Okay, maybe its your 23rd time watching Darcy kiss Bridget Jones in the snow or your 38th time witnessing a pink shirted, Mr. Thacker admit he’d been a “daft prick” in front of a roomful of paparazzi…and your desperately searching for more.

A year ago, I wrote my first article on reviewing the best/worst rom-coms. * Levitt Reviews Rom Coms .Well, I’ve decided its high time to compile another, second batch of films to get your Rom Com juices flowing once again.  Its a mixed bag.  Some bad some excruciating.  But, if your attention spans permit, I  promise a few laughs along the way and a hey, maybe if you hang in there, you might find that your true love for this article was there all along 🙂

Forgetting Sarah marshall. (B-)


This movie should have been called, forgetting Jason Segel because, with his pathetic sad sack personna , Segel proves easily the least interesting character in the whole movie and perhaps the most boringly morose character ever committed to film.  Glumly drifting from scene to scene, he says his lines with lazy half-smirk, like the dosage for his anti-depressive meds was always just a little off.  Compared to him, Kristen Bell, Paul Rudd, and Jonah Hill seem to bounce of the screen and turn in their most winning performances to date. In fact Segel was so charisma-less, that,throughout the film, I actually found myself admiring and rooting for the hedonistic foil, Russel Brand  (Aldous Snow), to run off and live happily with both Sarah Marshall (kristen Bell) and Mika Kunis. The other major problem I had with the film was, Why all the frontal nudity? In Segel’s self written script, he  he kept opting to show his penis in scenes where his character felt particularly vulnerable.  I don’t know if  Segel ‘s nudity was some form of self-flagellation to punish himself for some past sin or maybe he wanted to show how he could truly sacrifice and get truly “naked” for his craft. Perhaps,  all things considered, maybe he just wanted to immortalize his manhood for film posterity. In any event, I wished dude had the sense to censor himself and had kindly put his gun back in it’s holster.

P.S.  one Muppet-like musicalized version of Dracula is one too many for me!

You’ve Got Mail.(C) or you’ve got 2/12 hours to kill.


You’ve Got mail hearkens back to a simpler time when owning a book store actually meant you had a chance to turn a profit. In the films Tom Hanks portrays a kind of driven, “ruthless” book store executive.
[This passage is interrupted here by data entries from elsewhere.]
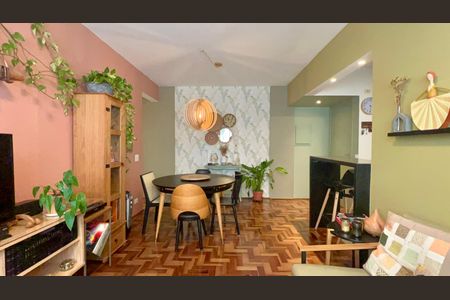 Apartamento à venda com 80m², 2 quartos e sem vagaSala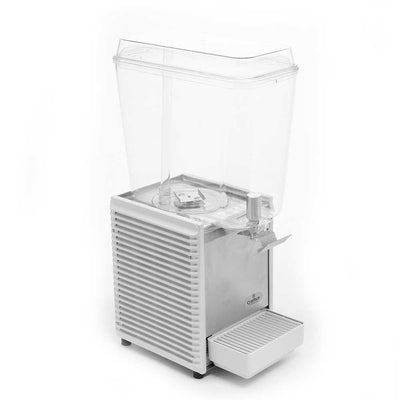 Crathco D15-4 Clásico Dispensador De Bebidas 1 Tazón 18.9 Lt. 1/6 HP - Dispensadores de Bebidas - Crathco - KitchenMax Store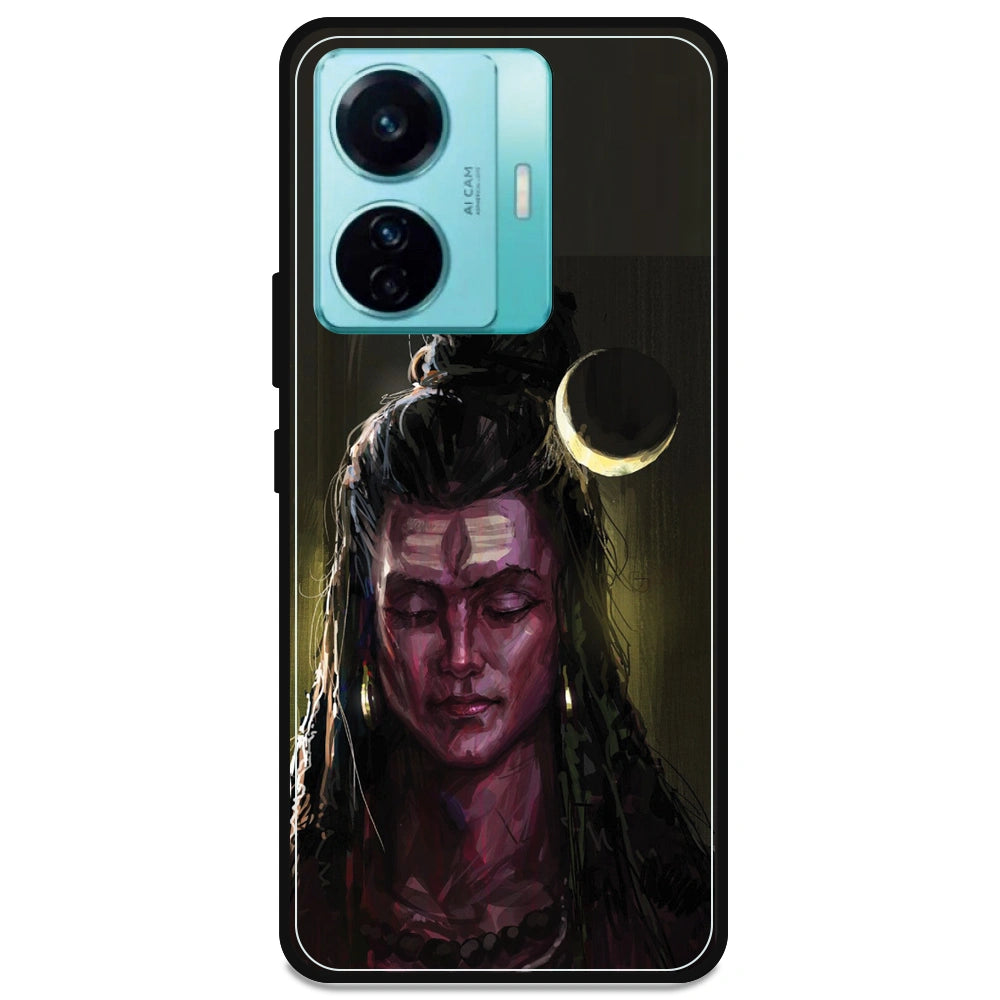 Lord Shiva - Armor Case For Vivo Models Vivo T1 Pro 5G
How are book store executives ruthless?  Kind of like saying he was a Tough-as- Nails Disney Store Greeter.

This film annoyed me right out of the gate because I came into the thing knowing that if you’ve got Tom Hanks and Meg Ryan in a film together, we know their getting together.  So, we have to just hang out for about two hours and watch Hanks and Ryan pretend they don’t get along only for a mere thirty seconds or so of kissy-face at the end.

You’ve Got Mail also contains Tom Hanks’ most pansy performance to date.  In scene after scene, Meg Ryan’s character unloads some lame-ass put down like calling Hanks a “Suit” or accuse him of being profit driven (really, someone in business profit-driven, the shame!) Hanks meekly responds to Ryan; slinking away hurt and licking his wounds like some sensitive six year old (MWAAAH, you said mean things to me!!!).   By the end of the film, I’m confident that most women in the audience were silently hoping that Hanks would just man up and grow a pair.

P.S: Please Note: chatting online back and forth online is not  cinematically compelling.  If Hanks and Ryan decide to do a film where their just texting each other or swapping emojis, definitely count me out

Shallow Hal (C)- Hands Off The Girl In The Fat-Suit. She’s mine!


How Did they pitch this one to producers?  How About Jack Black as a romantic lead?  Sure he’s physically un-appealing but, get this, he’s also shallow!  Ladies You’re gonna love him!

This film’s premise is beyond loopy.  Tim Robbins motivational speaking skills gives a shallow lug, Hal, High Powered beer goggles to the 100th power.  Hal is put under the spell of thinking women with inner beauty have outer beauty too.  Apparently, women who are both beautiful on the inside and out just don’t exist in this one dimensional rom-com world.

Finally, by the end of the film,  Hal’s  girlfriend Rosemary (formerly a svelte Gwynneth Paltrow is revealed as really a bloated paltrow in a fat suit). Hal claims that he finds the new Rosemary “beautiful” but unlike Rosemary -when offered any type of food- I just find this concept too difficult to swallow. Simply stated, one’s vision of beauty cannot do a complete 180 degree turnin a matter of moments.

The Holiday


(Ditch The House Swap guys, you’re better off with a stay-cation)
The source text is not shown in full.